[ASSIGNMENT] Going line by line through the entries below, tally those that hold the string "Image". Give only the total.

---------- SOURCE DATA

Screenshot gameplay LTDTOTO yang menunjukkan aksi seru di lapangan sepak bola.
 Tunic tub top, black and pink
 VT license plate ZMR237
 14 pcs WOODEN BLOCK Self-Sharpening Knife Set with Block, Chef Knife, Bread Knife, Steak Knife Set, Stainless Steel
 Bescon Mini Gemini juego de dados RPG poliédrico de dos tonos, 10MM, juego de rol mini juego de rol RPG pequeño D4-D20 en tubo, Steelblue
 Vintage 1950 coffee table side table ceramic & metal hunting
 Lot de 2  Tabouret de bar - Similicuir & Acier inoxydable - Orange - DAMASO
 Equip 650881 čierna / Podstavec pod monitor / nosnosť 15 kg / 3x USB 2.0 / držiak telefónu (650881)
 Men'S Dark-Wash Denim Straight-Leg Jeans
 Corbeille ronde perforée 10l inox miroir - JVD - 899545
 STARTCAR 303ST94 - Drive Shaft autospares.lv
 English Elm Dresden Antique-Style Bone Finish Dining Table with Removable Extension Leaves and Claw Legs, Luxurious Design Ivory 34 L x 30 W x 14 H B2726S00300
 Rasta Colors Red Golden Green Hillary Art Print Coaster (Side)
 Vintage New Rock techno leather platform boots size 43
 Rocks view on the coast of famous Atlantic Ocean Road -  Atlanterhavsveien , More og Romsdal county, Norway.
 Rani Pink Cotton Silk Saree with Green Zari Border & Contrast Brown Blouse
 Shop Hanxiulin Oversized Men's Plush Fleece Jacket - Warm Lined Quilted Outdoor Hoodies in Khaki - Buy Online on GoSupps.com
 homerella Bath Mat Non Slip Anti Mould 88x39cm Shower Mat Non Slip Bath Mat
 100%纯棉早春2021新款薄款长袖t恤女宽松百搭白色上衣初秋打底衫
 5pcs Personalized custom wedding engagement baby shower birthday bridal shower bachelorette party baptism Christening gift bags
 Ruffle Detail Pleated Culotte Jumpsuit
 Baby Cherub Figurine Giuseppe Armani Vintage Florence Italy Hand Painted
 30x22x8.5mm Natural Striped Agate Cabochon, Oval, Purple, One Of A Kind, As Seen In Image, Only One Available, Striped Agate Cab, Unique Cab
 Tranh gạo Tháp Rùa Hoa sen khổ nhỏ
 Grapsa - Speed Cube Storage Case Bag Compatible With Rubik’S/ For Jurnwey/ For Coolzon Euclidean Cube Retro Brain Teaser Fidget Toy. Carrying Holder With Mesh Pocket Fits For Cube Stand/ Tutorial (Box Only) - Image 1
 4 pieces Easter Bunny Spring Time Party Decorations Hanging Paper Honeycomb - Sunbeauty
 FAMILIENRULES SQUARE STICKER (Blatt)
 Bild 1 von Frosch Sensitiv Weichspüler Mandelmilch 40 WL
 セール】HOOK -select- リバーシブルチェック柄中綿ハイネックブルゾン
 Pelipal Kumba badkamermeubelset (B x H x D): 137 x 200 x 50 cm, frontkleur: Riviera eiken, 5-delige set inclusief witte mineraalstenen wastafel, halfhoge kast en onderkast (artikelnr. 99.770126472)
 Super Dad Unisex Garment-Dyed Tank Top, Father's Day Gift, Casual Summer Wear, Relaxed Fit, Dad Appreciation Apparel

--------------------

[WRITTEN ANSWER] 2